MOTIVATION
I- Sur la régularité de la décision de placement en rétention
' Sur le moyen tiré du défaut de base légale de l'arrêté de placement
Pour considérer que la décision de placement en rétention du 4 juillet 2026 prise à son encontre est dépourvue de base légale, [H] [I] soutient qu'elle se fonde sur une décision portant obligation de quitter le territoire du 28 mai 2025 non exécutoire en ce qu'elle ne lui a pas été notifiée.
Cependant, il résulte du principe à valeur constitutionnelle de la séparation des pouvoirs prévu par la loi des 16-24 août 1790 et par le décret du 16 fructidor an III, comme des termes des articles L. 741-10 du CESEDA, que le juge judiciaire ne peut sans commettre un excès de pouvoir porter une appréciation sur la légalité d'une décision administrative, ses pouvoirs étant limités à déterminer la légalité de l'arrêté de placement en rétention administrative en dehors de la question d'un défaut de pouvoir du signataire de son acte de saisine.

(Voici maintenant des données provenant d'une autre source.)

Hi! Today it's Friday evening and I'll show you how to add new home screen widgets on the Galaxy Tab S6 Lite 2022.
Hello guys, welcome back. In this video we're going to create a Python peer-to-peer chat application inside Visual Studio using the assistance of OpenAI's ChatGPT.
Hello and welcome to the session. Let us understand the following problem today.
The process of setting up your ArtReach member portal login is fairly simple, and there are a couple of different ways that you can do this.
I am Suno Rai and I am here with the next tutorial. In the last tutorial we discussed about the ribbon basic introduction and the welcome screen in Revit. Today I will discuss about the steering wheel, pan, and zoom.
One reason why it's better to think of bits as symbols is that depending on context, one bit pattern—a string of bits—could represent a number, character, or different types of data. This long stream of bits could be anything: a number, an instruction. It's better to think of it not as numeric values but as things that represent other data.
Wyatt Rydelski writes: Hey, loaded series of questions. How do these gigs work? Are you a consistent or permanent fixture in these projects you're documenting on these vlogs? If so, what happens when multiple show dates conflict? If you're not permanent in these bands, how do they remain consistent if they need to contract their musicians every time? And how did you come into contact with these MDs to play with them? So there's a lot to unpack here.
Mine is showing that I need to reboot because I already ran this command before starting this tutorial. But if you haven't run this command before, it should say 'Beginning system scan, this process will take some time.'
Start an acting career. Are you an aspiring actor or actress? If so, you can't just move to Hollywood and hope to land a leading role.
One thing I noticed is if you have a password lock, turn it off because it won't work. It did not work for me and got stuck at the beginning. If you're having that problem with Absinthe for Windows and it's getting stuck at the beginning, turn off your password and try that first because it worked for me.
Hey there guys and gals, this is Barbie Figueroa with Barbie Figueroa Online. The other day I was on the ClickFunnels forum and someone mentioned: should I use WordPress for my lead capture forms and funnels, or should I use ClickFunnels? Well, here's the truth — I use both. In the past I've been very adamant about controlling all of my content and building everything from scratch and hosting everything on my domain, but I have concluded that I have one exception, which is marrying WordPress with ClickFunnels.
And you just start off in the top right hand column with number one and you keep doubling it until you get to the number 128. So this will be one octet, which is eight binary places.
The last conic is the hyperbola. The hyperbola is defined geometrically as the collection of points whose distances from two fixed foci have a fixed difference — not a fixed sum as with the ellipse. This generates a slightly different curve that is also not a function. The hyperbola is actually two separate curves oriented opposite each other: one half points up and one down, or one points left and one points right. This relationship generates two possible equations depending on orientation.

Il est constant que l'appréciation de la régularité de la notification de la mesure d'éloignement, indissociable de l'acte administratif auquel elle s'attache, relève de la seule compétence de la juridiction administrative, le juge judiciaire ne pouvant procéder à un tel examen, sauf à excéder ses pouvoirs.

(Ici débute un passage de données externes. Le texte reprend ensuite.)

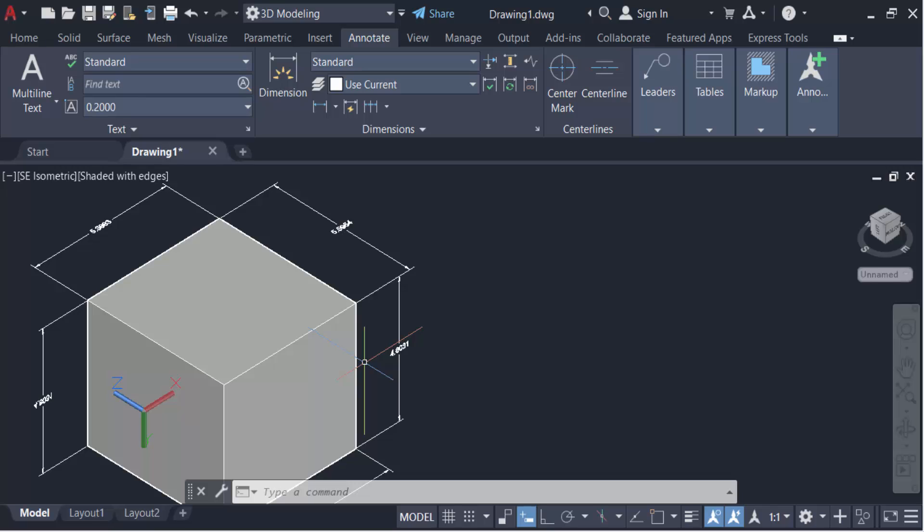So in this way you have to place dimension on Z axis. I hope you will enjoy this video. Thanks for watching and don't forget to subscribe to my channel. Thank you.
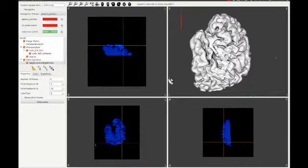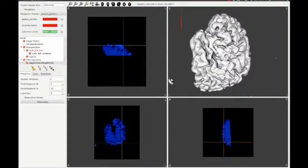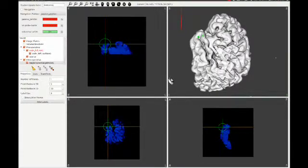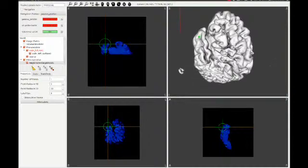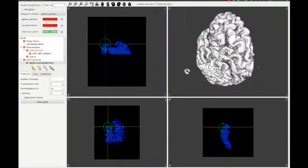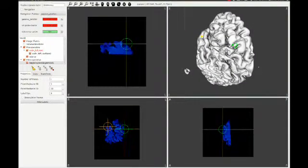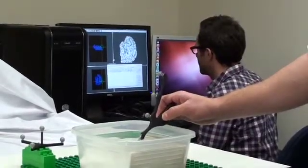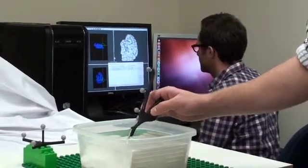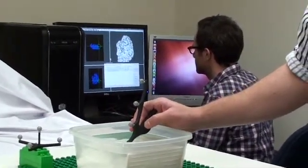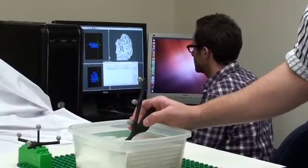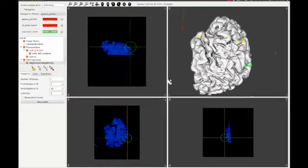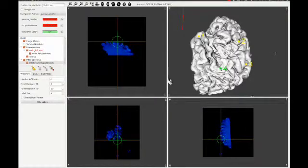The first step in the image-guided intervention is to register the patient's position with the preoperative image data. This is done by selecting the same points on both the preoperative images as well as on the patient. In a real surgical case, nine easily identifiable anatomical landmarks are used to perform the registration.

Ce moyen d'irrégularité ne pouvait dès lors être accueilli.
' Sur le moyen tiré de l'insuffisance de motivation et du défaut d'examen sérieux de la situation d'[H] [I]
Il résulte de l'article L. 741-6 du CESEDA que la décision de placement en rétention est écrite et motivée.
Cette motivation se doit de retracer les motifs positifs de fait et de droit qui ont guidé l'administration pour prendre sa décision, ce qui signifie que l'autorité administrative n'a pas à énoncer, puis à expliquer pourquoi elle a écarté les éléments favorables à une autre solution que la privation de liberté. Pour autant, l'arrêté doit expliciter la raison ou les raisons pour lesquelles la personne a été placée en rétention au regard d'éléments factuels pertinents liés à la situation individuelle et personnelle de l'intéressé, et ce au jour où l'autorité administrative prend sa décision, sans avoir à relater avec exhaustivité l'intégralité des allégations de la personne concernée.
En l'espèce, il ressort de l'ordonnance critiquée que le préfet a motivé sa décision en considération de l'identité d'[H] [I], sa situation irrégulière sur le territoire, son absence de garantie de représentation, 'en l'absence de logement personnel puisqu'il est hébergé chez sa mère et ne justifie d'aucune intégrtion professionnelle', et de la menace à l'ordre public qu'il représente.
S'il indique dans sa décision qu'[H] [I] ne justifie pas d'un logement personnel, vivant chez sa mère, et que tel n'était pas le cas, puisqu'il vit chez sa concubine depuis 8 ans, il ne produisait aucun élément pour en justifier. Les autres éléments sur sa situation personnelle avancés sont exacts.
Par ailleurs, pour considérer qu'[H] [I] constitue une menace pour l'ordre public, l'autorité administrative se base sur des condamnations certes très anciennes mais qui existent et il n'y a donc pas là d'erreur manifeste d'appréciation correspondant à une erreur grossière et évidente.
Le moyen tiré de l'insuffisance de motivation et du défaut d'examen individuel ne peut être accueilli.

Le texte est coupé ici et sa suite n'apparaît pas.